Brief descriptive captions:
********************
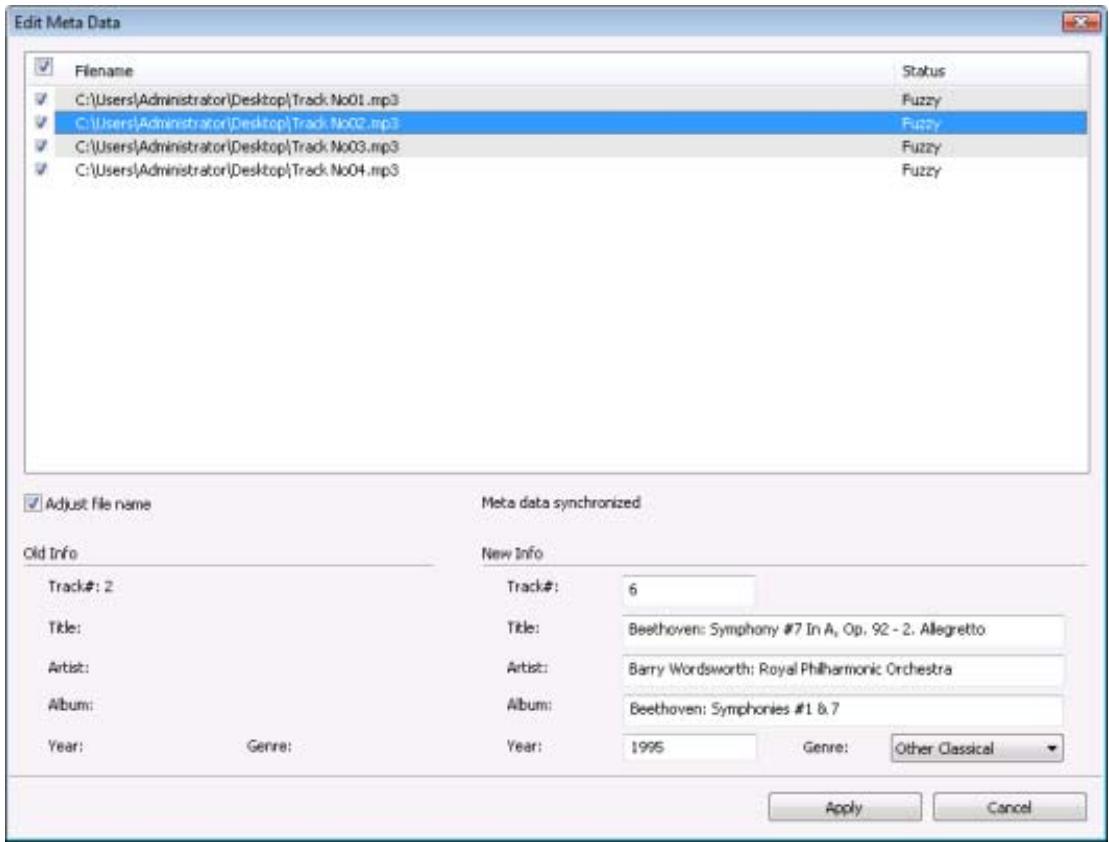 NERO EXPRESS 9 - Identifying Audio Files - 1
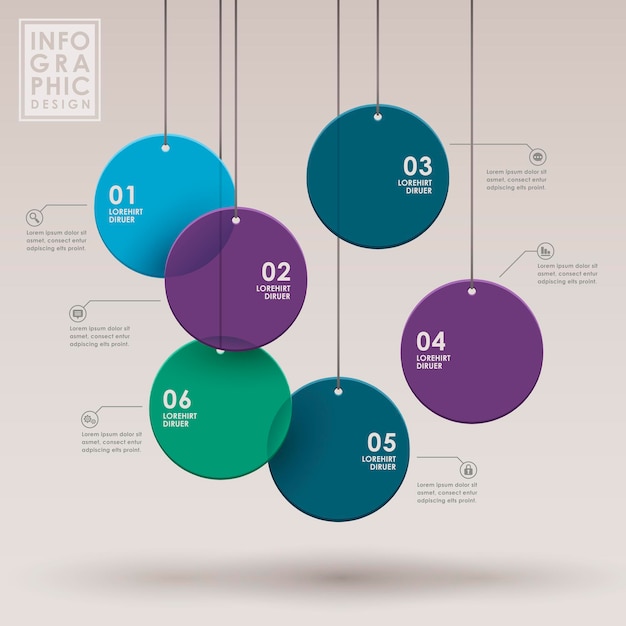 abstract stroomdiagram infografiek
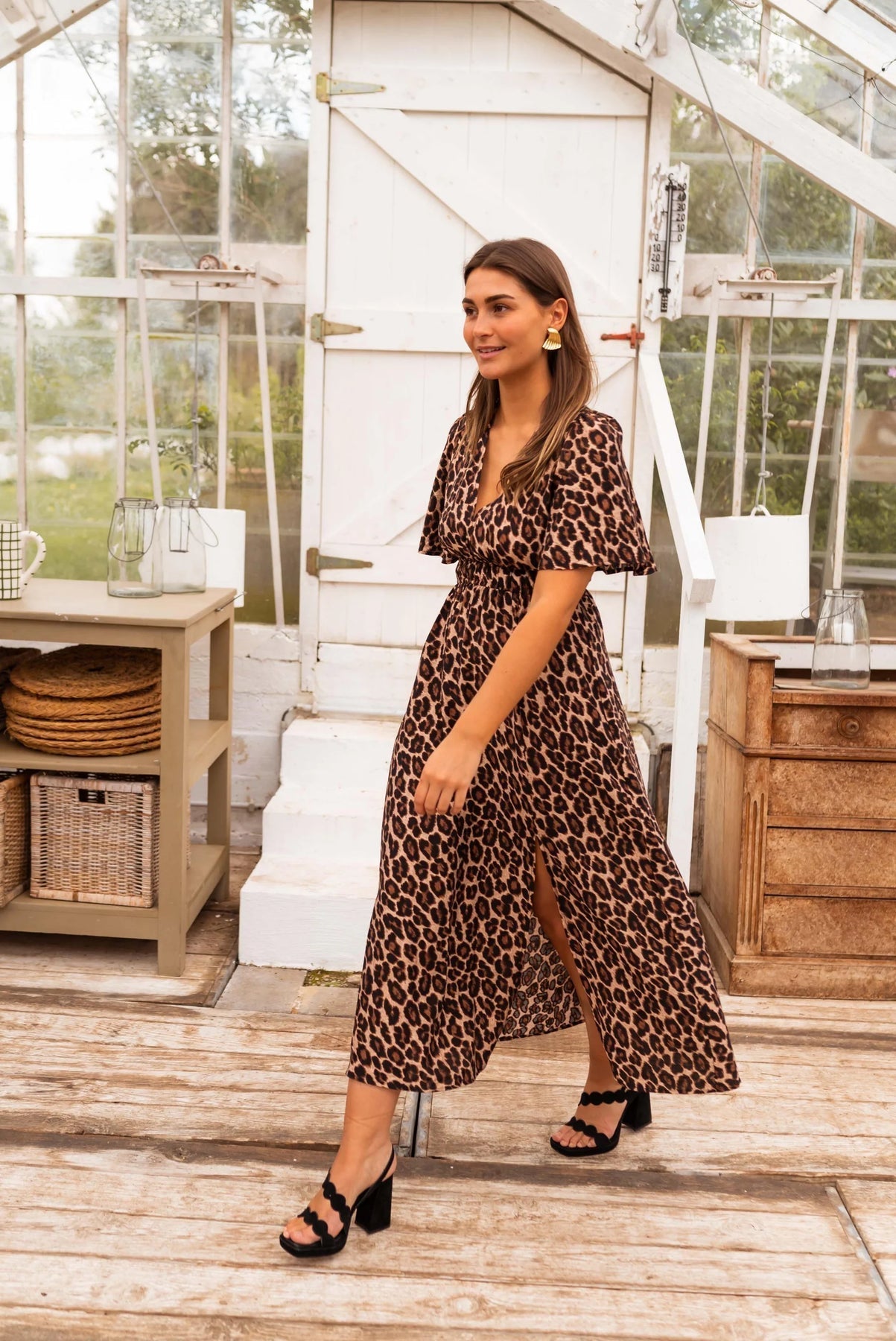 Coralie™ | Stylish Leopard Print Maxi Dress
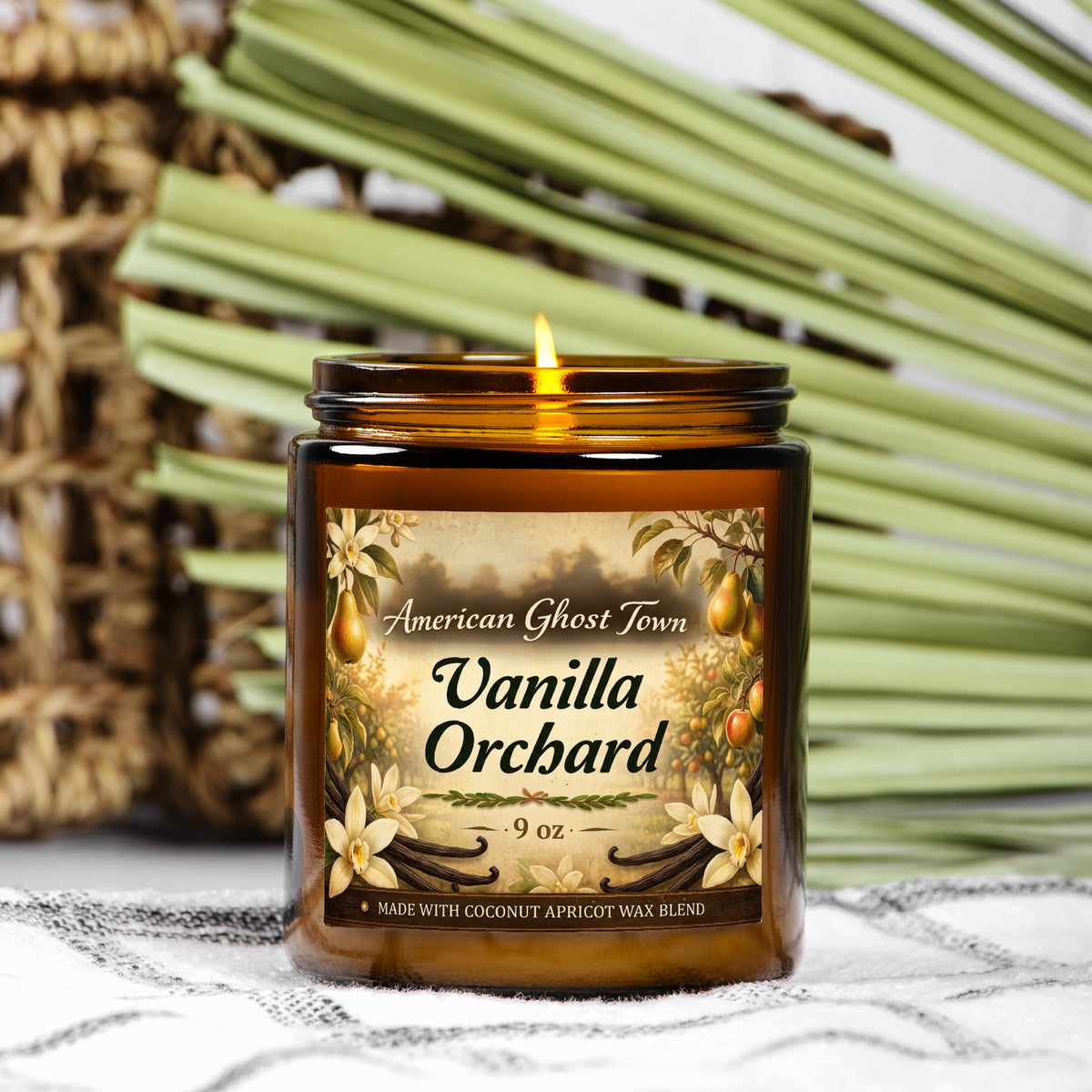 Candle Amber Jar 9oz
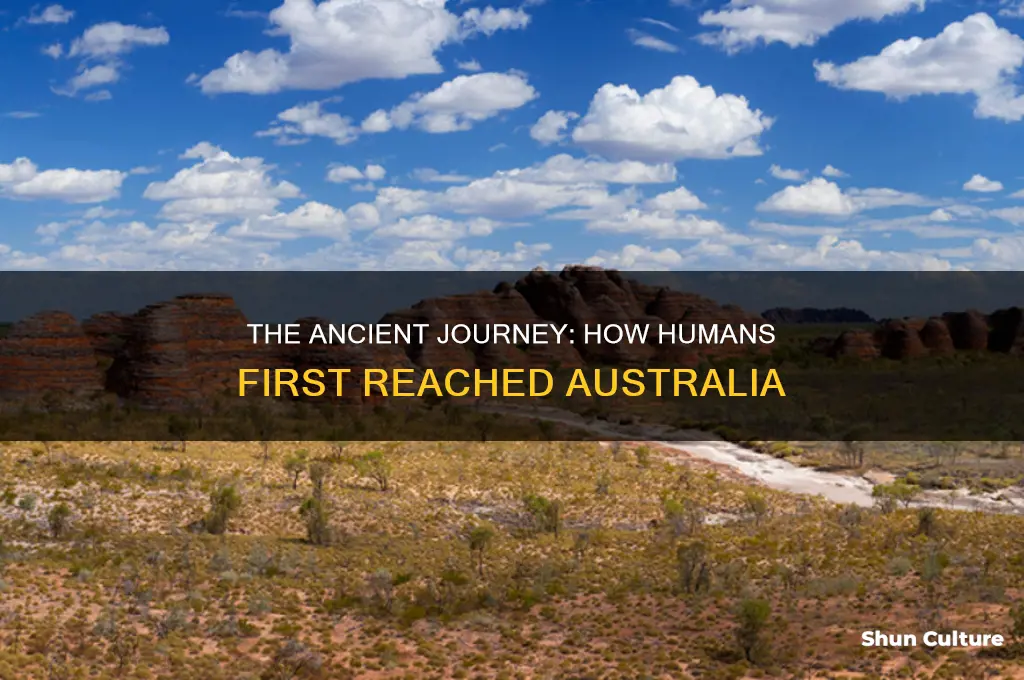 how did humans go to australia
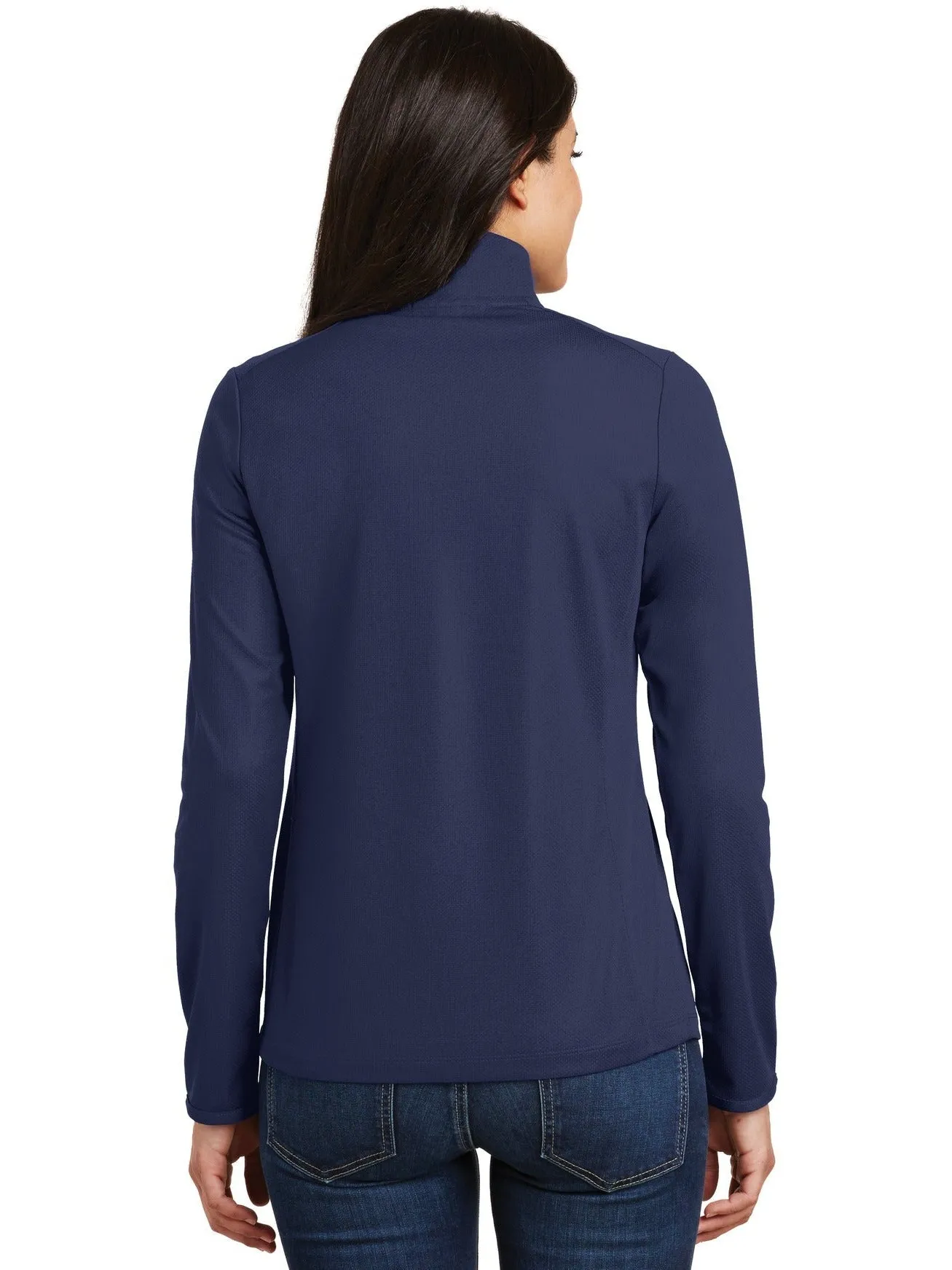 Port Authority Ladies Pinpoint Mesh 1/2-Zip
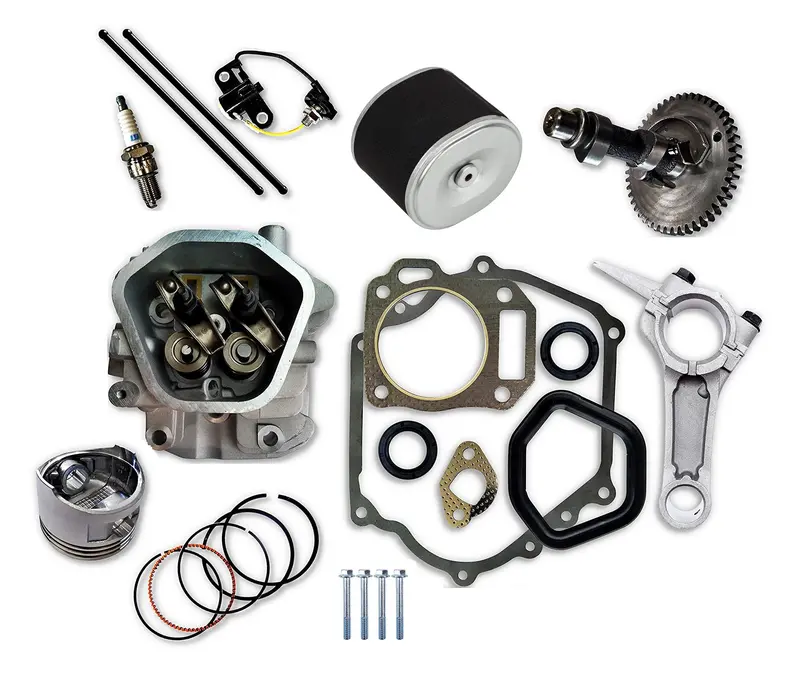 Gx340 11Hp Cylinder Head Kit: Connecting Rod, Rocker Arms, Camshaft & Gaskets 1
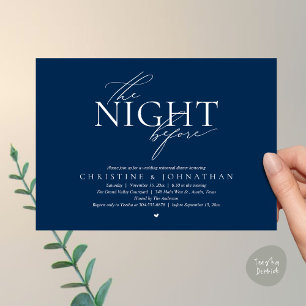 The Night Before, Modern Wedding Rehearsal Dinner  Invitation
********************
Problem statement
Emit the lines of the data above from the one containing "how did humans go to australia" through its final line, both endpoints included. Pictures do not belong in the output.

Answer to the problem
 how did humans go to australia
 Port Authority Ladies Pinpoint Mesh 1/2-Zip
 Gx340 11Hp Cylinder Head Kit: Connecting Rod, Rocker Arms, Camshaft & Gaskets 1
 The Night Before, Modern Wedding Rehearsal Dinner  Invitation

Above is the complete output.